Introduction
In today’s digital world, data, information, and knowledge play a huge role in how we understand things and make decisions.
Data is raw, unprocessed facts.
Information is when that data is organised so it makes sense.
Knowledge goes one step further, using experience and understanding to apply information in useful ways.
In this lesson, we’ll learn about:
- What data, information and knowledge are
- Sources of data, information and knowledge
- The interaction of data, information and knowledge
What is Data?
Data is the starting point. It’s the raw facts and figures with no meaning on their own.
Examples include numbers in a spreadsheet, survey answers, or the reading from a thermometer.
On its own, data is like random puzzle pieces. You know they fit together, but you can’t see the full picture yet.
For example, if five customers enter a shop at different times, those numbers are just data points.
They only become useful when organised or linked to context, like time of day or total sales.
What is Information?
Information is data that has been processed, organised, or presented in a way that makes it useful.
For example, if daily sales numbers are turned into a graph that shows a rising trend, the data has become information.
Information helps answer questions like “what happened?” or “how many?”.
A school might use attendance data to produce a report that shows average attendance.
Without turning data into information, it’s much harder to make sense of situations.
Information gives clarity by adding meaning and context to raw facts.
What is Knowledge?
Knowledge is when information is combined with experience, judgement, and understanding.
It answers deeper questions like “why?” and “how?”.
For example, a shop owner might see from information that umbrella sales rise when it rains.
Through knowledge, they understand the link between weather and sales.
Knowledge allows people and organisations to make decisions more effectively because it applies experience and insight.
Unlike data and information, knowledge is personal.
It depends on human thinking, experience, and sometimes even intuition.
Sources of Data
Data can be collected from many different places.
Businesses gather it from sales, customer feedback, or website visits.
Governments use censuses, tax records, and public service data.
Devices like smartphones and fitness trackers constantly collect data about usage and activity.
Schools record exam results and attendance registers.
All these are raw facts waiting to be processed.
The quality of data depends on how accurate and trustworthy the source is.
Reliable data is essential, because weak or false data leads to poor decisions.
Sources of Information
Information comes from data that has been organised or explained.
Common sources include reports, websites, and databases.
For example, a hospital organises patient data into medical records doctors use to help with diagnoses.
News websites use survey data and research results to publish articles.
Schools use test scores to create progress reports.
These information sources help people understand what’s happening, solve problems, or make decisions.
They sit between raw data and knowledge, acting as a bridge to help us make sense of the facts.
Sources of Knowledge
Knowledge sources focus on human input and expertise.
They include training, education, personal experience, and expert advice.
For instance, a mechanic might use years of experience, combined with information from a diagnostic tool, to fix a car.
Knowledge can also be shared through books, online communities, or discussions with professionals.
Unlike data or information, knowledge often depends on interpretation and isn’t always easy to store or transfer.
It is shaped by personal learning and group experiences, making it unique and sometimes difficult to capture.
The Interaction of Data, Information, and Knowledge
Data, information, and knowledge work together in a cycle.
Data is collected and processed into information.
Information is then understood and applied to create knowledge.
That knowledge then influences what data is collected in the future and how it is used.
For example, a supermarket collects sales data, organises it into reports (information), and managers use their knowledge to decide what stock to order.
A good metaphor is baking: data is the raw ingredients, information is the recipe, and knowledge is the skill to bake the cake.
Converting Data into Information
Turning data into information requires organisation and context.

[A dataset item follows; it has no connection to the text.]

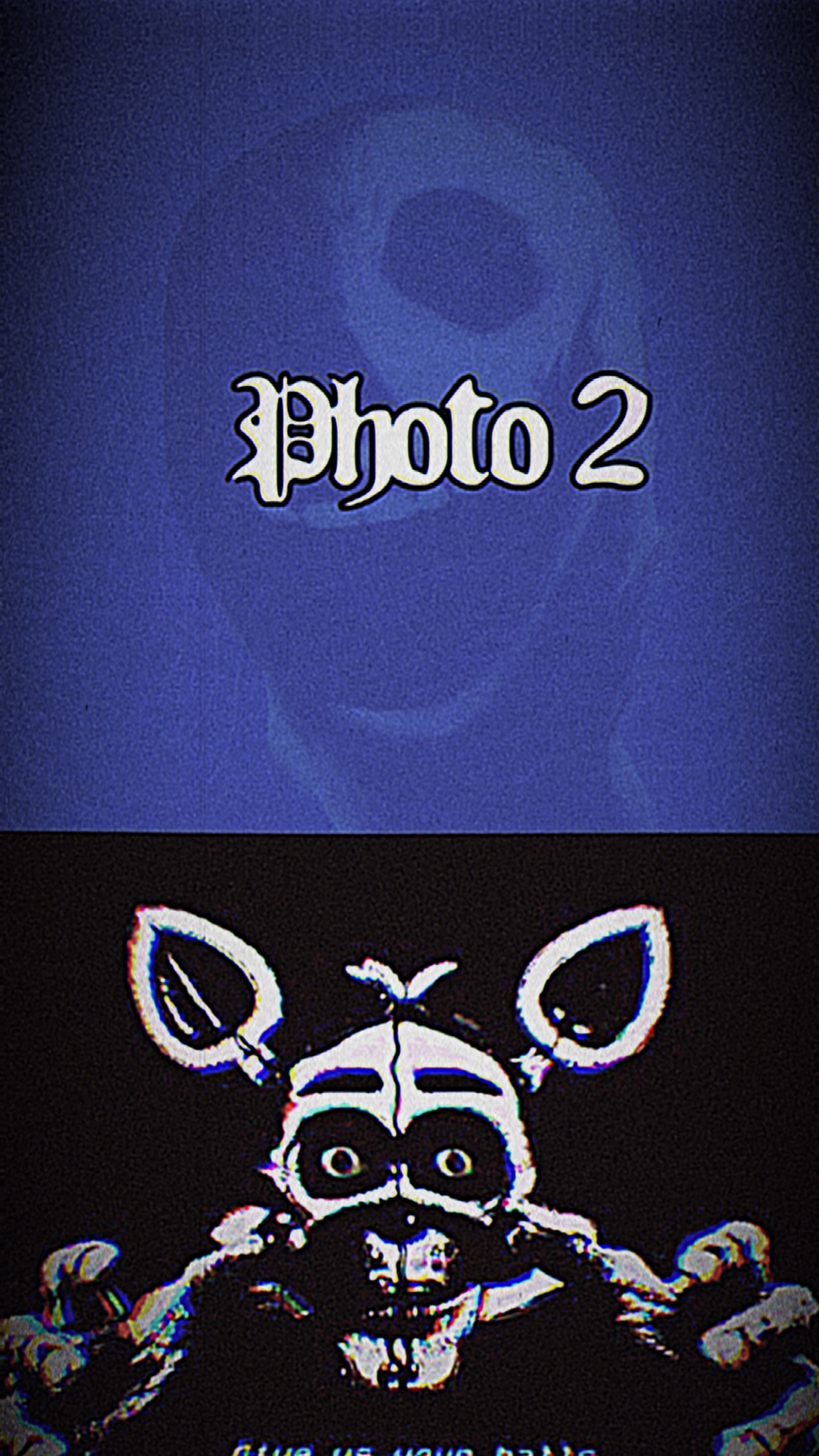 Fnaf aterrador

Numbers in a spreadsheet are just data.
But when grouped into categories or shown on a chart, they highlight patterns and trends, becoming information.
Adding context makes it even more meaningful. For example, “30°C” is just a number until you know it’s “London, July 2023.”

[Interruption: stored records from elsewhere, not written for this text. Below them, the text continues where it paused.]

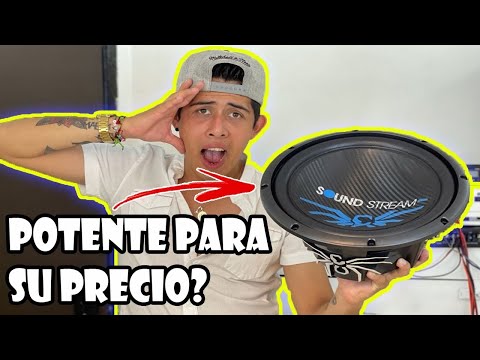 AWESOME 1200W Soundstream Subwoofer - How does it sound? 😱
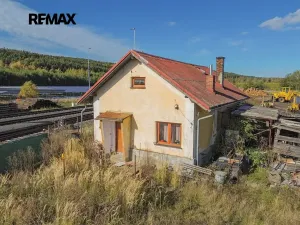 Prodej rodinného domu, Žihle, 68 m2
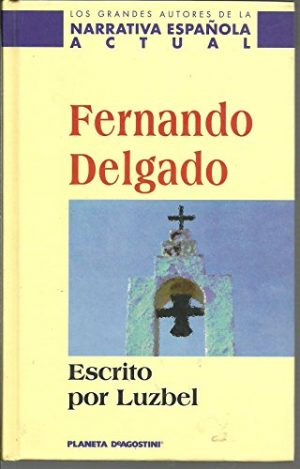 F DELGADO Escrito por Luzbel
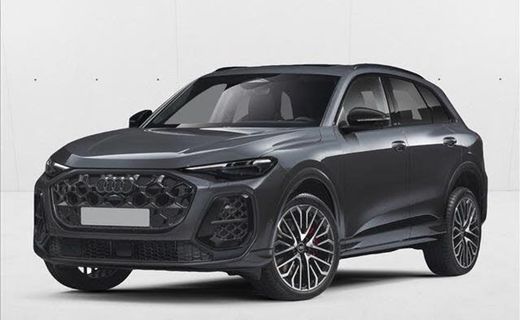 2025 Audi SQ5 Quattro Prestige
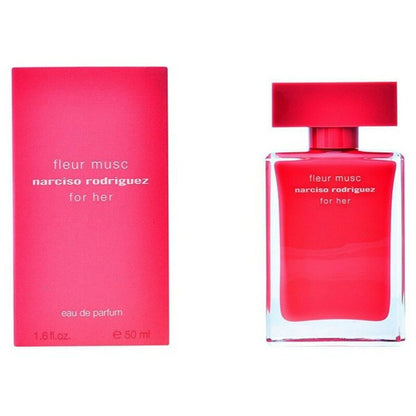 Parfum Femme Fleur Musc Narciso Rodriguez EDP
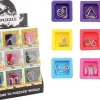 Johntoy - Knobelspiele Metall, sortiert | Teddy Toys Kinderwelt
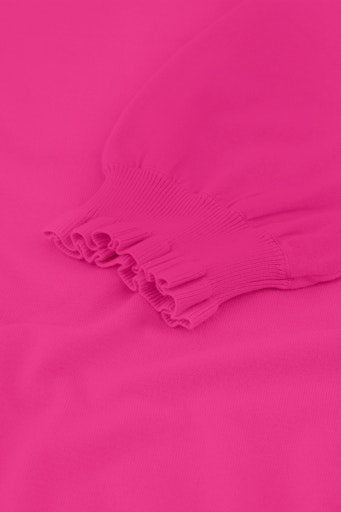 Pulls roze Fabienne Chapot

Tools like spreadsheets and software make it easier to process large amounts of data into clear and understandable information.
Without this conversion, data remains difficult to use.
Lesson Summary
Data is the raw facts and figures collected from events or measurements.
Information is those facts organised and given context so they answer questions like what, when, or how many.
Knowledge is the understanding and judgement people apply to information to explain why things happen and what to do next.
These three build on each other: knowledge guides which data to collect, and data becomes information when it is cleaned, categorised, summarised, and given context.
Converting data to information usually means steps like checking accuracy, combining totals, and using charts so patterns are easy to see.